Dans son fonctionnement, l’Espace Rencontres de Mons met l’accent sur le travail collégial. Aucun intervenant n’est attaché à un dossier particulier. Les familles n’ont pas de référent propre. Lors des rencontres, les membres de l’équipe sont au minimum deux dans les locaux. Et ce ne seront pas systématiquement les mêmes intervenants lors des différentes visites d’une même famille. Chaque rencontre fait l’objet d’un bref compte-rendu descriptif à usage interne.

En dehors de son financement par le pouvoir public, le service ne bénéficie d’aucun autre apport. Il est en cela autonome de toute autre institution.

S’adapter au pouvoir subsidiant

Pour les Espaces Rencontres, de nombreux changements de tutelle sont intervenus. Ils ne sont pas sans conséquence sur la définition de leurs modalités d’action.

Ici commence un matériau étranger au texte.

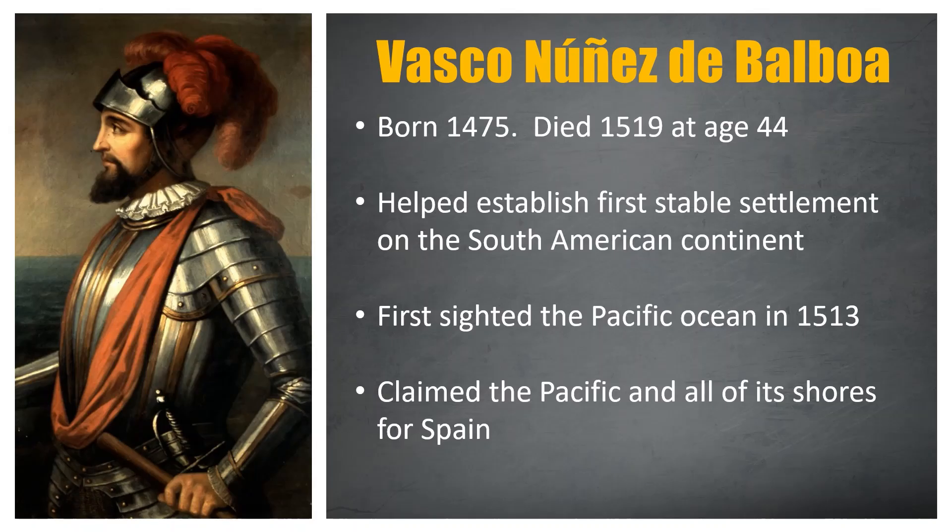The 16th century Spanish conquistador and explorer Vasco Nunez de Balboa, born 1475, died 1519, helped establish the first stable settlement on the South American continent. It was named Darien, on the coast of the Isthmus of Panama.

Du côté de Mons, le service s’adressait au départ à toutes les personnes désireuses de reprendre contact avec un enfant – père, mère, grands-parents ou autres –envoyés par un intervenant tiers comme SOS Enfants, un service de protection de la jeunesse (SPJ), un avocat, etc. ou demandeurs à leur propre initiative.

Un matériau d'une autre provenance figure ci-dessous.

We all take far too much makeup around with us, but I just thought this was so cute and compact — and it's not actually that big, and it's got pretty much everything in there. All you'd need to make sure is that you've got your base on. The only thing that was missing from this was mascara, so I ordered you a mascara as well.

 Transformations des missions au gré des financements

Les années passant, le service s’est trouvé face aux exigences du Ministère de la Justice, qui conditionnaient les subsides à l’action à la suite d’une procédure judiciaire. Á partir d’octobre 2001, il concentre ses interventions sur les dossiers émanant d’un juge (tribunal correctionnel, tribunal de la jeunesse, tribunal civil, cour d’appel, médiation pénale, juge d’instruction…). Le service veille alors à respecter le cadre de travail fixé et les démarches judiciarisées saturent sa capacité d’accueil. Finis les dossiers « à l’amiable ».

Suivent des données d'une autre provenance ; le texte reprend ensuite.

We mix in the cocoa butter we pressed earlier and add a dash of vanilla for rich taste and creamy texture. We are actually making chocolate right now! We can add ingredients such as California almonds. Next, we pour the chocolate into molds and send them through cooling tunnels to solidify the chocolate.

Mais récemment, l’attribution du secteur aux Régions, dans leur volet « action sociale », a re-transformé les missions (voir encadré). Elles sont restées identiques pour tous, comme l’enveloppe budgétaire qui leur est dévolue d’ailleurs, mais ont été élargies à toute demande. Une situation qui fait espérer du côté de Mons que l’on réévalue le financement après un an, en fonction de la masse de travail. En outre, si ces transformations des missions et des financements proviennent essentiellement des aléas politiques, elles ne sont cependant pas sans conséquences sur les réflexions internes à l’équipe. L’aide contrainte, en quelque sorte, est au cœur des discussions.